Georgia’s Economic Recovery is Gaining Strength with World Bank Support

July 21, 2011

World Bank Approves Third Development Policy Operation Supporting Policy Reforms

WASHINGTON, July 21, 2011 – The World Bank Board of Executive Directors today approved the US$ 40 million Third Development Policy Operation (DPO-3) for Georgia to support reforms directed at sustaining economic recovery and preparing for post-crisis growth. In addition to the macroeconomic and fiscal framework, the main policy reform areas supported include improving the efficiency and effectiveness of public finances, increasing the effectiveness of the social safety net, and enhancing external competitiveness.
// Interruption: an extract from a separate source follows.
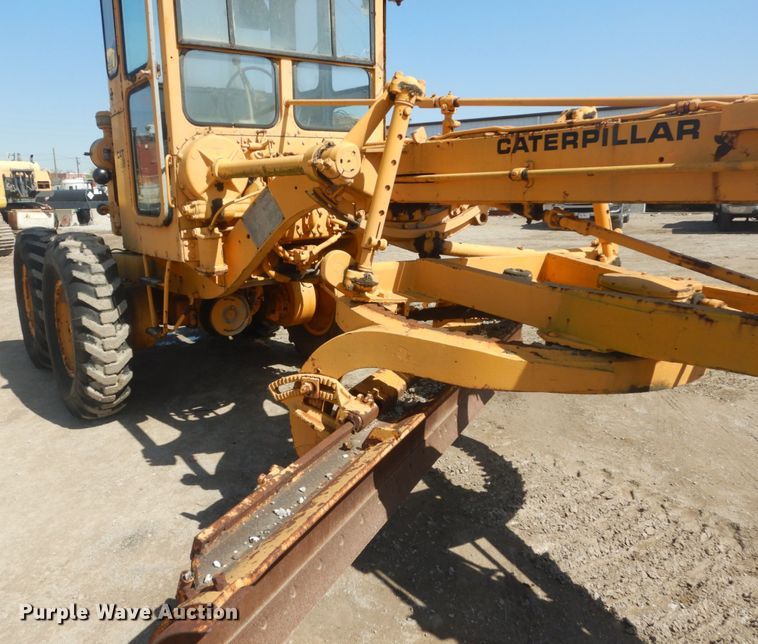 image for item IY9590 1963 Caterpillar 112  rigid frame motor grader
DPO-3 is the final in a series of three operations providing direct budget support to back key objectives of the Government’s policy reform agenda to mitigate the impact of the economic downturn, facilitate recovery, and prepare Georgia for post-crisis growth. The DPO series, amounting to US$ 175 million in total, was prepared in the aftermath of the twin crises of the August 2008 conflict and the global economic downturn.

The package of reforms backed by the DPO series has supported Georgia’s economic recovery in 2010 and 2011,” said Asad Alam, World Bank Regional Director for the South Caucasus. “The reforms have also helped ensure that 900,000 people are receiving medical insurance and 440,000 people are receiving targeted social assistance, as part of the social safety net for the poor and vulnerable.”

Fiscal policy has moved from stimulus in 2009 to adjustment during 2010 and 2011,” said Faruk Khan, World Bank Senior Economist and Task Team Leader of the DPO program. “Fiscal adjustment provides an important anchor of macroeconomic stability but it is also being implemented in a manner that protects essential social and infrastructure investment expenditures.”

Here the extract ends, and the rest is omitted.